Juliana Diniz é doutora em Direito pela USP e professora da Universidade Federal do Ceará. É editora do site bemdito.jor
Juliana Diniz é doutora em Direito pela USP e professora da Universidade Federal do Ceará. É editora do site bemdito.jor
Uma pesquisa realizada pelo Datafolha sobre a autopercepção dos brasileiros acerca de sua orientação ideológica foi publicada durante a semana, revelando o quão imprecisas as palavras podem ser quando tentam dizer o político. Os números indicam que, muitas vezes, rejeições podem ser potencializadas a depender do discurso utilizado por determinada personalidade política. A tirar pelos dados, parece fundamental, hoje, evitar termos que evocam uma ideia diversa daquela que se deseja comunicar.
Vamos aos números. Em São Paulo, 26% dos paulistanos afirmam ser de direita, enquanto apenas 20% reconhecem-se como de esquerda. O dado ganha complexidade quando o comparamos com as respostas oferecidas pela mesma amostra para outra pergunta: você se definiria como petista ou bolsonarista? 29% dos paulistanos declararam-se petistas contra 17% dos simpáticos ao bolsonarismo. É significativo que haja cerca de 9% dos participantes que se declaram "petistas" e, portanto, simpáticos àquele que é o mais poderoso partido da esquerda, mas que não se identificam como "de esquerda".

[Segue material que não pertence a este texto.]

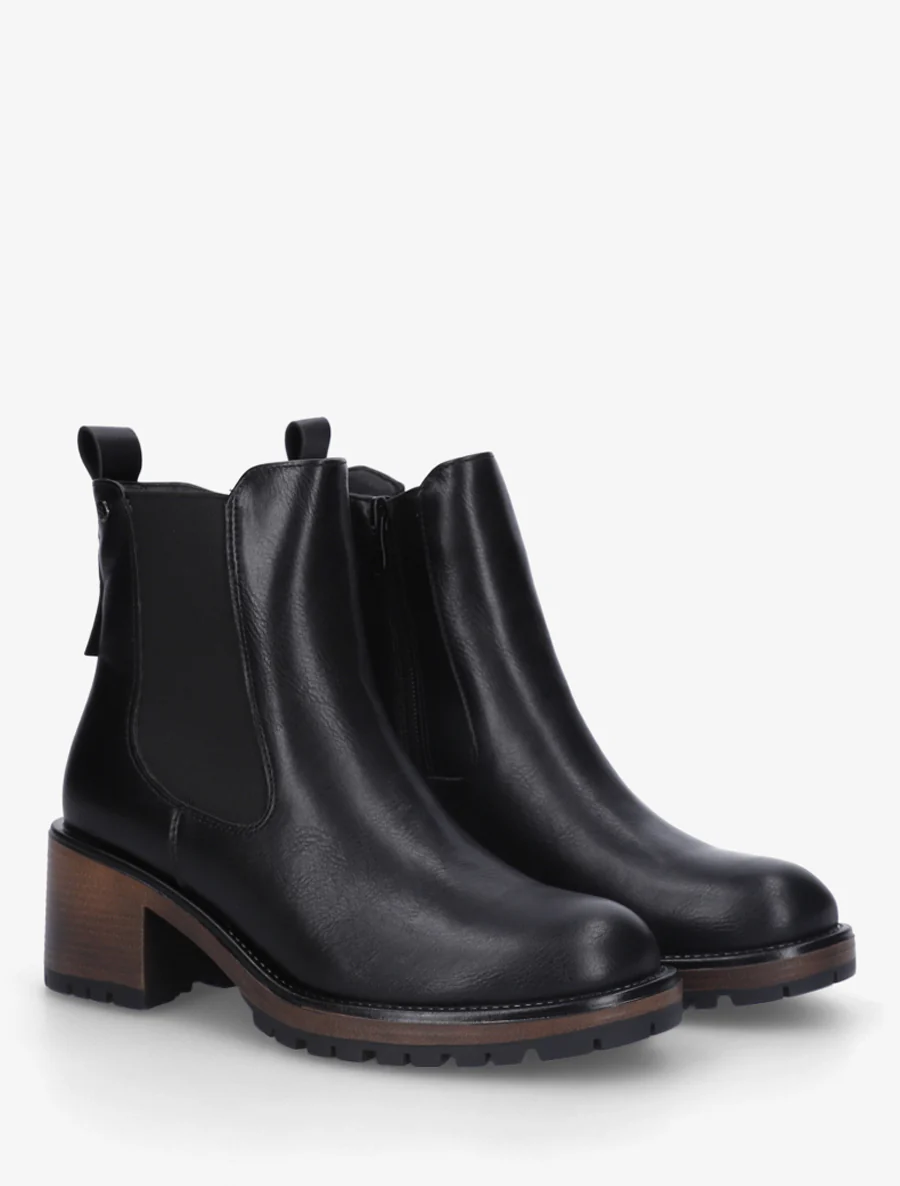 Bottines élastiquées à talon - Noir - Image 4
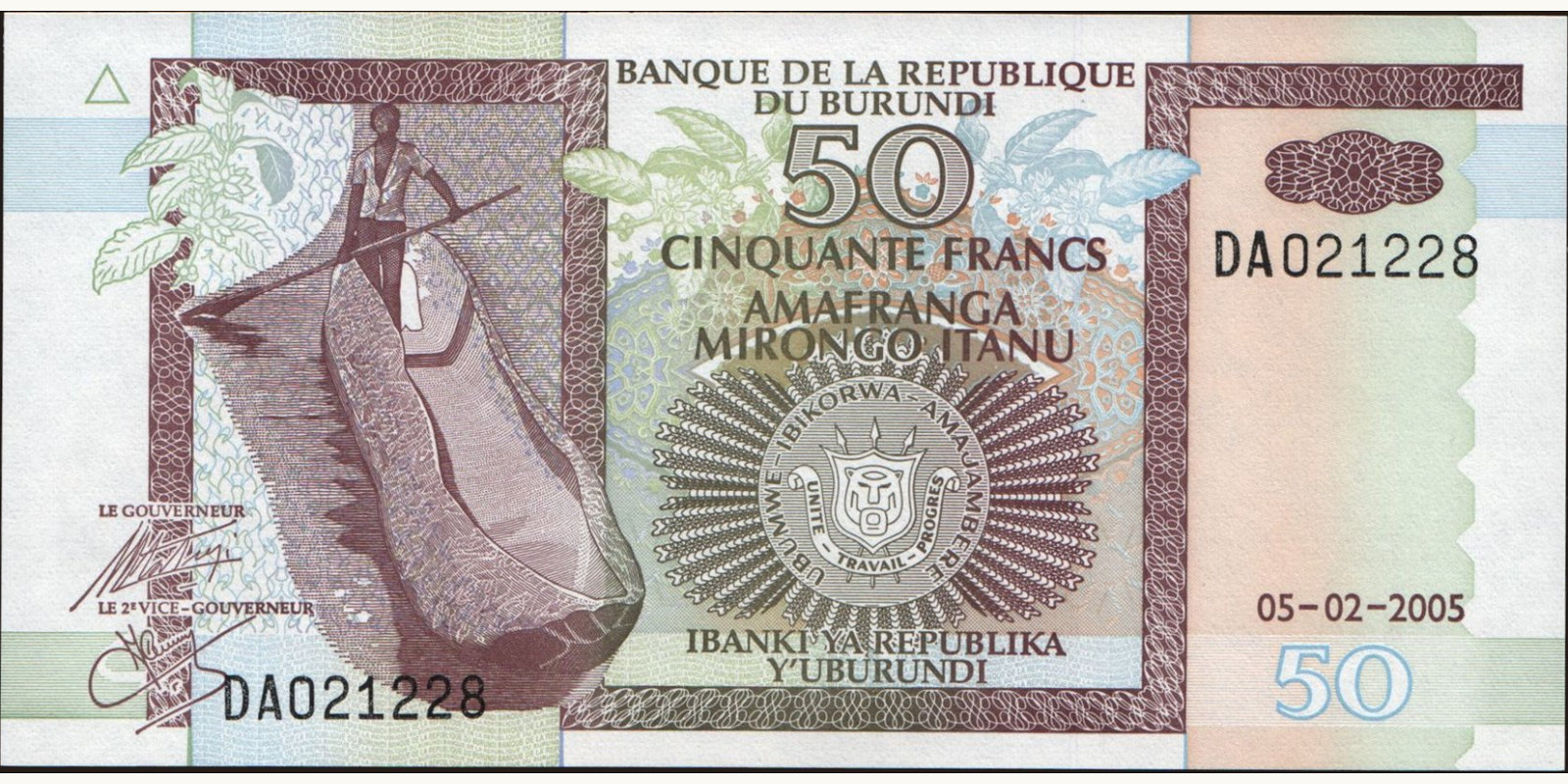 50 franc Бурунди 2005 — Лицевая сторона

O leitor poderia concluir que esse resultado reflete o cenário cultural específico da cidade de São Paulo e sua complexidade de capital financeira do país, mas o Datafolha mostra que não. Em Recife, a tendência é muito similar, até mais acentuada: 35% afirmam ser de direita ante 22% que se reconhecem como "de esquerda". Se considerarmos que a capital é hoje governada por João Campos, uma jovem liderança que herdou o capital político de um relevante nome da esquerda brasileira pós-88, o dado fica ainda mais interessante. O eleitor vota com a esquerda, aprova (e muito bem) o governo municipal, mas não se identifica com os símbolos que a palavra evoca.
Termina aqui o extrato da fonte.